HOW TO COMPLETE THIS TASK
When you transcribe the entries, reproduce every character and exclude the images.
_____
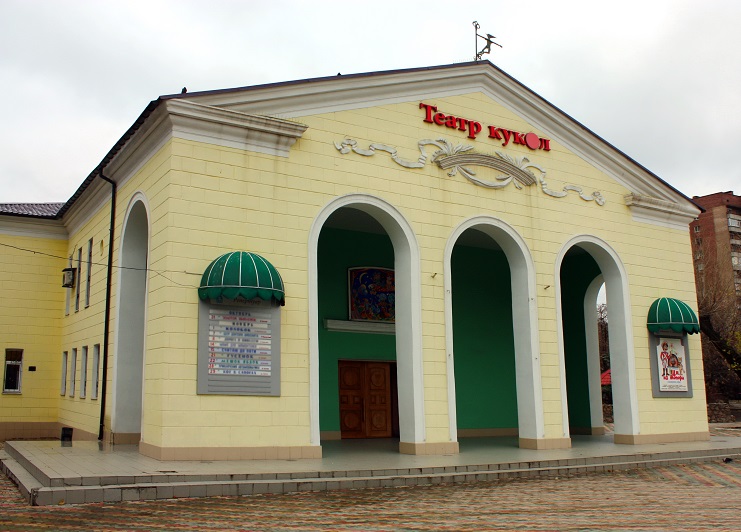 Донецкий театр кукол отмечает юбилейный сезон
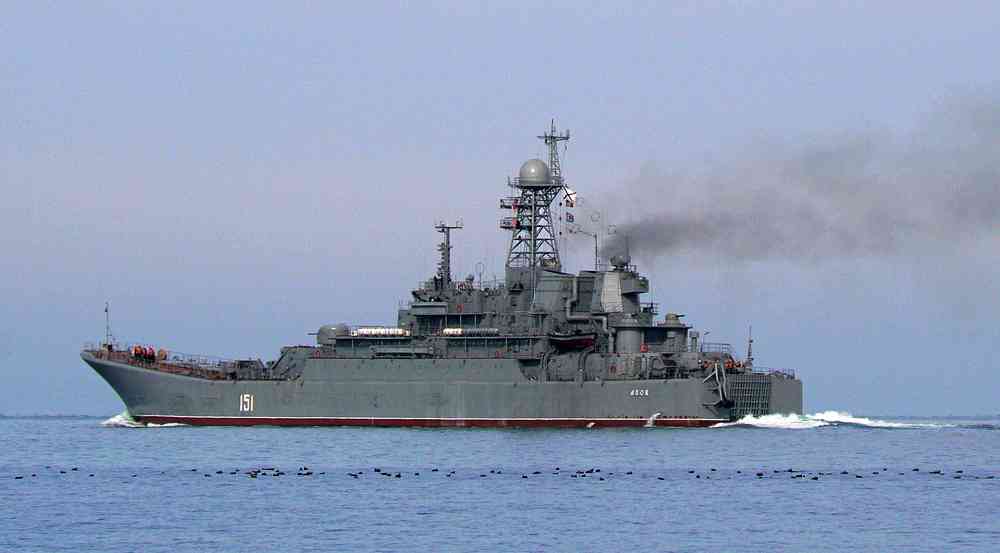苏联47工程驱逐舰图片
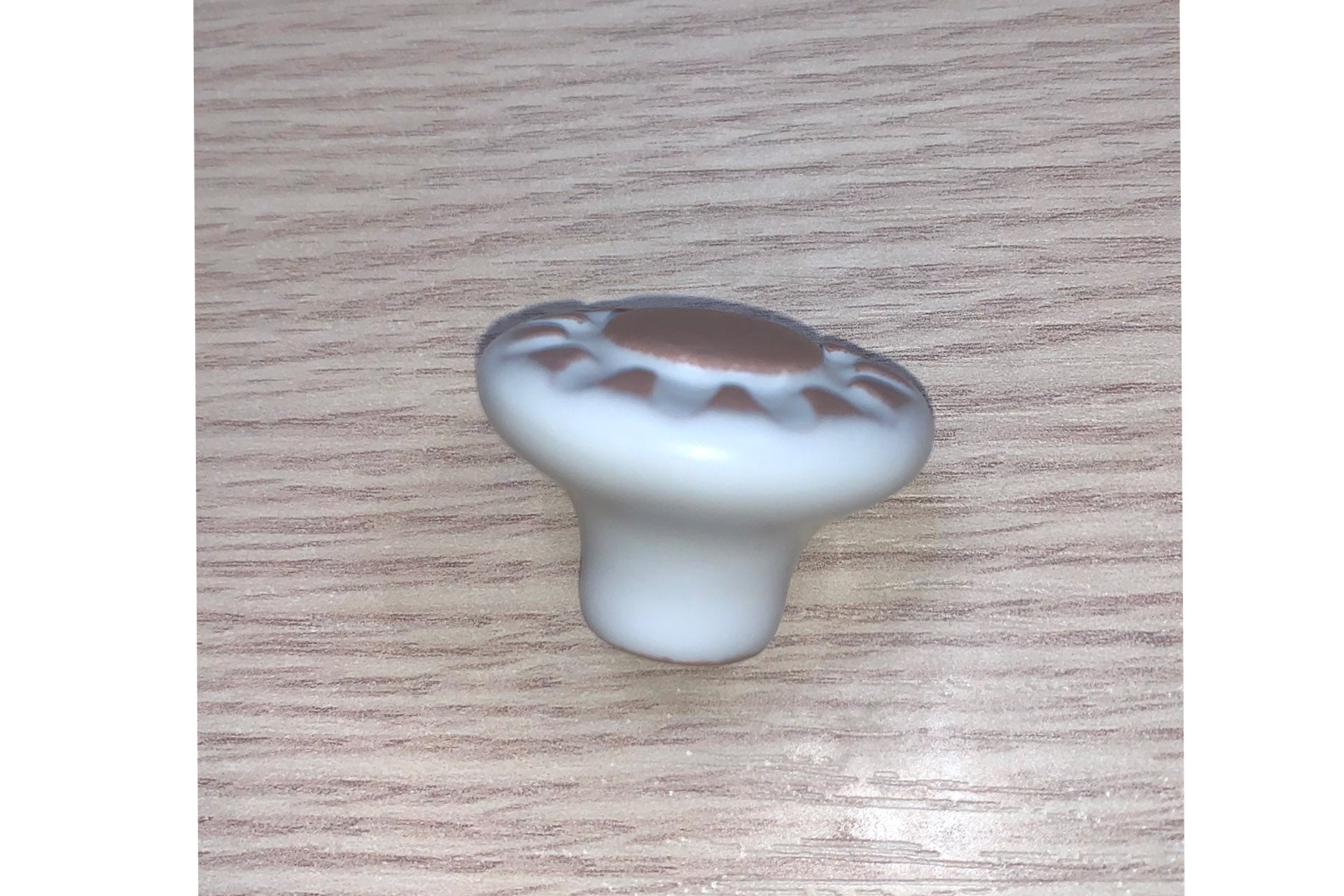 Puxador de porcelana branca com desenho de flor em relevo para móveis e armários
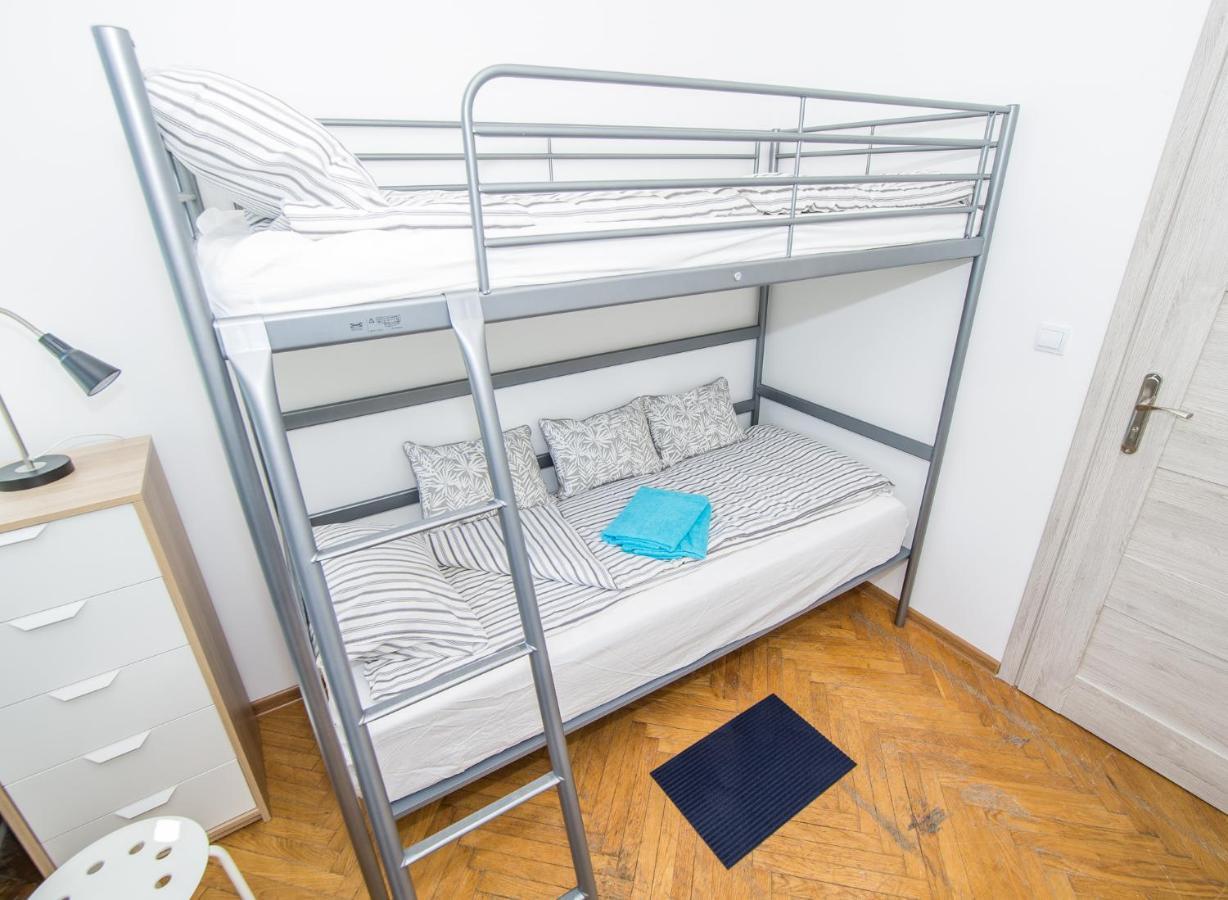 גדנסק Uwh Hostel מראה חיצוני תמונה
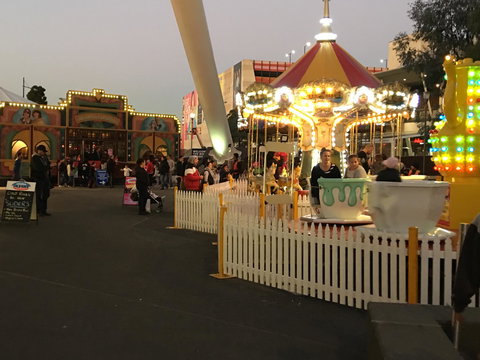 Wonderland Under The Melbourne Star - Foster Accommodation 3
_____
REPLY TO THE TASK
 Донецкий театр кукол отмечает юбилейный сезон
苏联47工程驱逐舰图片
 Puxador de porcelana branca com desenho de flor em relevo para móveis e armários
 גדנסק Uwh Hostel מראה חיצוני תמונה
 Wonderland Under The Melbourne Star - Foster Accommodation 3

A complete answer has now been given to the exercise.